A number of these credits and deductions were targeted for elimination in the 2017 debate over tax reform or were the subject of efforts to modernize their effectiveness in the 115th Congress. 

In the new Congress, several members have expressed interest in revisiting some aspects of the 2017 tax law. Paralyzed Veterans of America (PVA) anticipates following any tax proposals considered by the Ways and Means Committee to ensure the preservation of provisions that benefit veterans and people with disabilities. PVA also plans to support measures that will improve the value of these tax incentives for individuals with disabilities and businesses that use them.

For example, while the WOTC is an important tool available to encourage businesses to hire veterans and people with disabilities, Congress has frequently allowed its authorization to lapse, leading many companies to hesitate using it.

The Protecting Americans from Tax Hikes Act of 2015 (PATH Act) retroactively reauthorized WOTC for a five-year period, from Jan. 1, 2015, to Dec. 31, 2019. Without another extension or permanent authorization by the end of this year, the WOTC will once again be at risk of disappearing.

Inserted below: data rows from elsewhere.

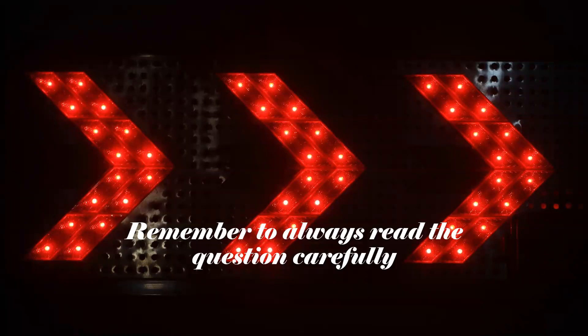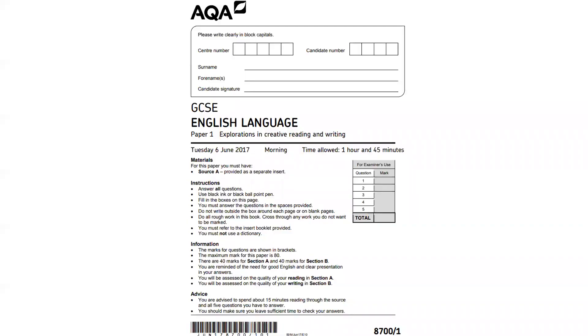A big but simple piece of advice: always remember to read the question carefully. It's important for all questions. Exams are quite simple if you think about them in simple terms — read the question being asked of you and answer it. Sometimes all the strategies we're taught can cloud our thinking and we forget to focus on the most essential thing: answering the question we're being asked. Today's paper is from the 2017 June series — AQA English Language Paper One.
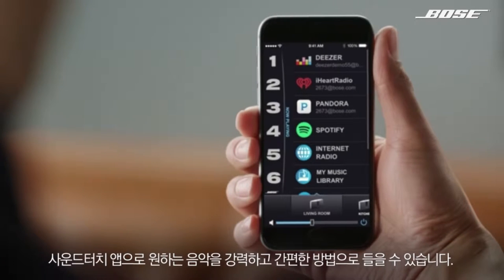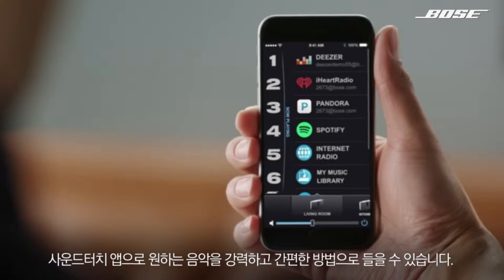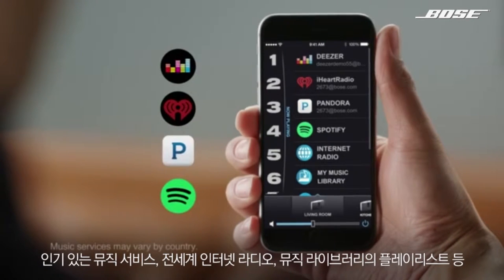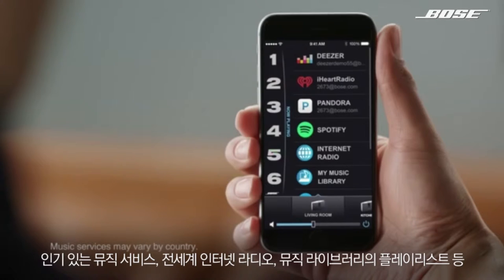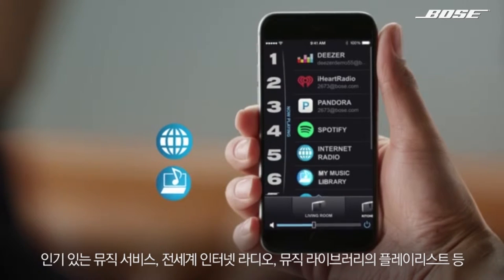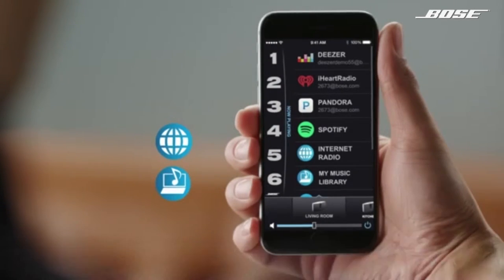The SoundTouch app gives you a powerfully simple way to listen to the music you want, with access to some of the most popular music services, internet radio stations from anywhere in the world, and even an iTunes playlist.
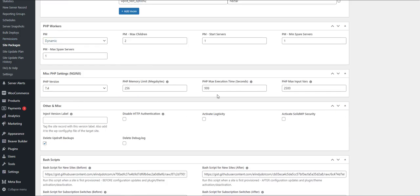PHP workers and all the other PHP configuration information is really useful when you're trying to provide different performance metrics for different pricing plans. So, for example, your free plan might have two PHP workers, whereas your highest end plan might have 20. Same with memory. Your lowest end plan, your free plan might have 64 megabytes of memory, whereas your highest end plan might be allowed one gigabyte of memory.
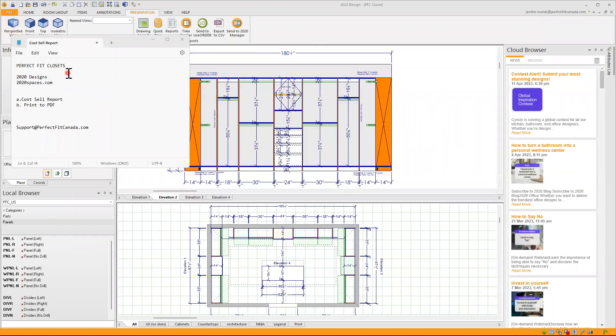Perfect Fit Closets. How to get your pricing, generating a Costell report and printing to PDF in our 2020 design program.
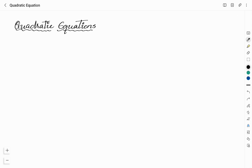Hello friends, welcome to VividKhemi YouTube channel. This is Vidyashree. In this video, I will be discussing the important points that you have to remember for TET examination from 10th Standard Mathematics Chapter 10, Quadratic Equations.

The Disability Employment Incentive Act (DEIA) is a package of improvements to disability-related tax incentives that PVA supported last year. It’s expected to be introduced in this Congress by Sen. Robert “Bob” Casey (D-Pa.). The DEIA would increase the WOTC for employers hiring people with disabilities through state vocational rehabilitation agencies or who are Social Security disability beneficiaries.

It would also increase the Disabled Access Tax Credit from $5,000 to $10,000 and make it available to more small businesses. Finally, the bill would increase the amount of expenses that a business can deduct under the architectural and transportation barrier removal tax deduction to $30,000.

Susan Prokop is PVA’s senior associate advocacy director and has more than 30 years of experience in domestic policy issues affecting seniors, veterans and people with disabilities.